Others soon entered the business, for example Piat, which in 1898 installed Britain’s first early form of the escalator in London’s elite department store Harrods. The 12 m installation with its conveyor belt consisting of 224 leather steps was intended to transport wealthy visitors to the first floor - and inspire them to purchase an installation. In Germany the Peniger Maschinenfabrik, Unruh & Liebig Division, installed the first early escalator in the salesrooms of August Polich, Leipzig.

The birth of the escalator

The first fully-practical escalator was invented by the American George A Wheeler. The officer received a patent on the “new and useful elevator” 125 years ago on 2 August 1892, fitted with moveable step elements, an electric drive at the top, handrail with its own drive and platform areas at the top and bottom.

But the invention was implemented by others: first by Charles D Seeberger, who bought Wheeler’s patent and then by the Otis Company with which Seeberger concluded a manufacturing agreement before he relinquished the patent entirely to it. In 1899 the company built the first escalator prototype.

Incidentally, Seeberger also invented the term “escalator”, which was intended to be reminiscent of the “elevator.” Like the lift, the “escalator” – which was then often simply called “inclined elevator” – was intended to transport people upwards, using moving steps. This term includes the Italian “scala” (step) and English “escalade.” After all, the escalator was regarded as a symbol of a new, dynamic era in which underground trains, lifts and conveyor belts were accelerating life and work.

Terminological confusion

The term “escalator”, which into the 1950s was a brand name of Otis Company, still creates confusion. For example, on 15 March this year many articles appeared in the media regarding the alleged 125th anniversary of the escalator. In fact, an application was submitted in 15 March 1892 for the inclined elevator, which was really a conveyor belt – by Jesse Reno, who was thereby incorrectly celebrated as the inventor of the escalator.

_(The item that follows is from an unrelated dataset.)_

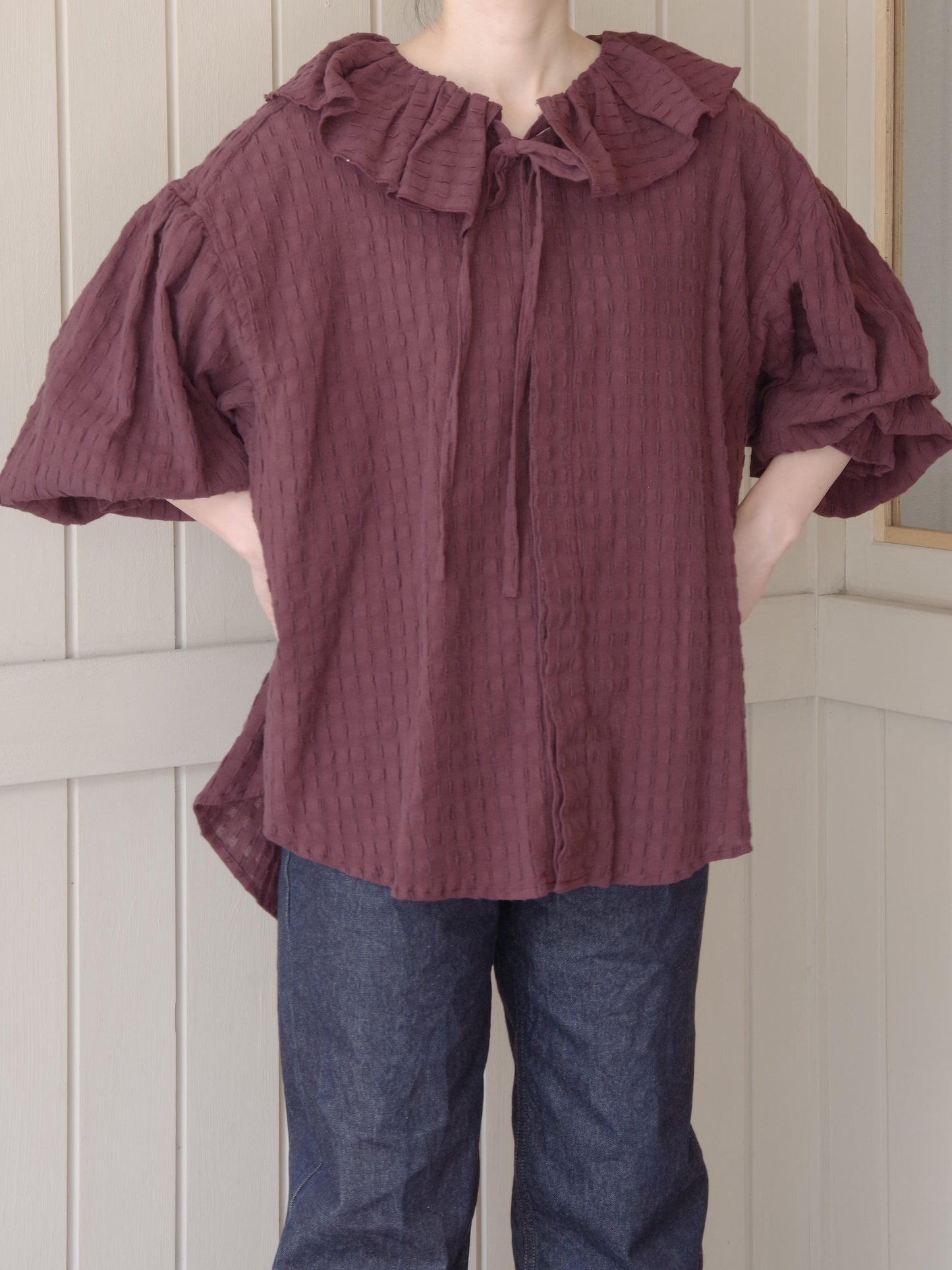 SHEER CHECK TACK FRILL ブラウス | buoybuoy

HandwerkAn original feature of the early escalators was the exit: a balustrade across the step area guided users away to the side at the end of their trip. The aim was to prevent shoes or clothing being dragged into the steps, which still had no grooves. All of this changed in 1911 when Otis took over the Reno Electric Stairway and Conveyor Company and with it the moving stairway production. Otis then produced both systems in parallel until it launched a new design of escalator: with step grooves and the comb of the Reno moving stairway design, which thereby also eliminated the lateral exit.

A model like this was also used in the Berlin department store Tietz, which as a result apparently received the first escalator in Germany. Once the narrow-ribbed metal step was introduced in 1938, the modern escalator as it is known today had come into existence.

The development goes on

Today over 35,000 escalators are in operation in Germany alone, according to an estimate of the German Engineering Association (VDMA). Almost 400 to 500 new escalators are added annually.

The modern systems differ from their predecessor particularly with regard to space-and energy-saving. For example, Kone developed the first “green” escalator in the mid-1990s, which no longer needed any oil for the step chain and in the meantime does not need any lubricant for the handrail chain either. The location of the drive in the step chain was also forward-looking, combined with a planetary gear train - a solution that was first realised in the early 1990s in Kone escalators.

Four of these asynchronous drives were used in the two arched escalators that the company developed for the Hamburg Elbe Philharmonic Hall: space-saving, oil-less, well-ventilated and highly energy-efficient. “The escalators are exemplary,” said Kone project manager Heinrich Zeiger, “Greater effectiveness than here has previously not been achieved anywhere.”